Juvenile Justice Conference
Your Honour, distinguished guests, ladies and gentlemen.
Society has nothing more precious than its youth. We brought them into the world. To a large extent we made them what they are. To them, we entrust our hopes and our aspirations. To them, we look for our own future and the wellbeing of our grandchildren, for the security and prosperity of generations to come. They should be nurtured and nourished and inspired, for they are a treasure beyond price. Perhaps it's because we can't put a price on them that our investment is often so inadequate. This Conference seeks to increase the investment, and I congratulate those who have devised and prepared for it, and all of you who have come from such a wide range of disciplines to take part in it. May I particularly welcome our visitors from Australia. I hope you have time not only to share experiences, but also to see a little of our capital city and of our country, so very different from yours in many ways, today in particular, but so similar in many others.
A while ago there was a young man in the dock of the Wellington District Court. He was a decent-enough looking fellow, and I don't know what it was that had got him there. But whatever it was, things were not looking good for him. He took a matchbox out of his pocket, slid it open, held it up to his mouth and called into it "Kirk to Enterprise, beam me up Scottie."
Now what do you do with someone like that. He had broken the criminal code, and he was not only disrespectful to the Court, but he was not in the least overawed by the majesty of the law. He was quite cheeky in fact. Fancy behaving like that in my Court. But he had a bit of initiative, a bit of imagination, there was something rather attractive about him, really, some quality that could be harnessed and turned to good account for his own sake and the community's sake. So what to do with him? Commit him for contempt? Punish him for his original offence more sternly than otherwise? No, that would be an overreaction. But that original offence probably warranted imprisonment. We are pretty strong on imprisonment in this country. But there is something rather attractive about this fellow, and I don't really want to send him to prison. And if he goes to jail he could get beaten up or raped, or he could pick up the prison culture, and be much more of a problem when he comes out than he is now.
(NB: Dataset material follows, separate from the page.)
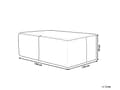 Pikkukuva 3 / 9: Sadesuoja puutarhakalusteelle harmaa PVC polyesteri 150 x 120 x 70 cm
Yet if he doesn't get a jail sentence now, perhaps the Crown will appeal, and the appellate Court, who won't see him, might give him a longer term than this Court could probably get away with. And what would the media say? Youth laughs his way out of his proper sentence, makes a fool of the Court. People might write to the papers, or ring talk back radio, and complain about the weak-kneed Judge, a slap on the wrist with a wet bus ticket. And what of the victim? He has been grievously offended and offended against, he is very angry and wants to see justice done. And that means, because he hurt me, he should get hurt too.
Of course this particular fellow was a bit older than most of those who come within the range of youth justice. But his story has always stuck in my mind as an illustration of the kind of problem that confronts the Courts daily, and that still justifies the belief that this person standing there really ought to be somewhere else, beamed out to some different environment, where his particular offence could be dealt with in a different way, and whatever it was that led him to commit it could be addressed more effectively.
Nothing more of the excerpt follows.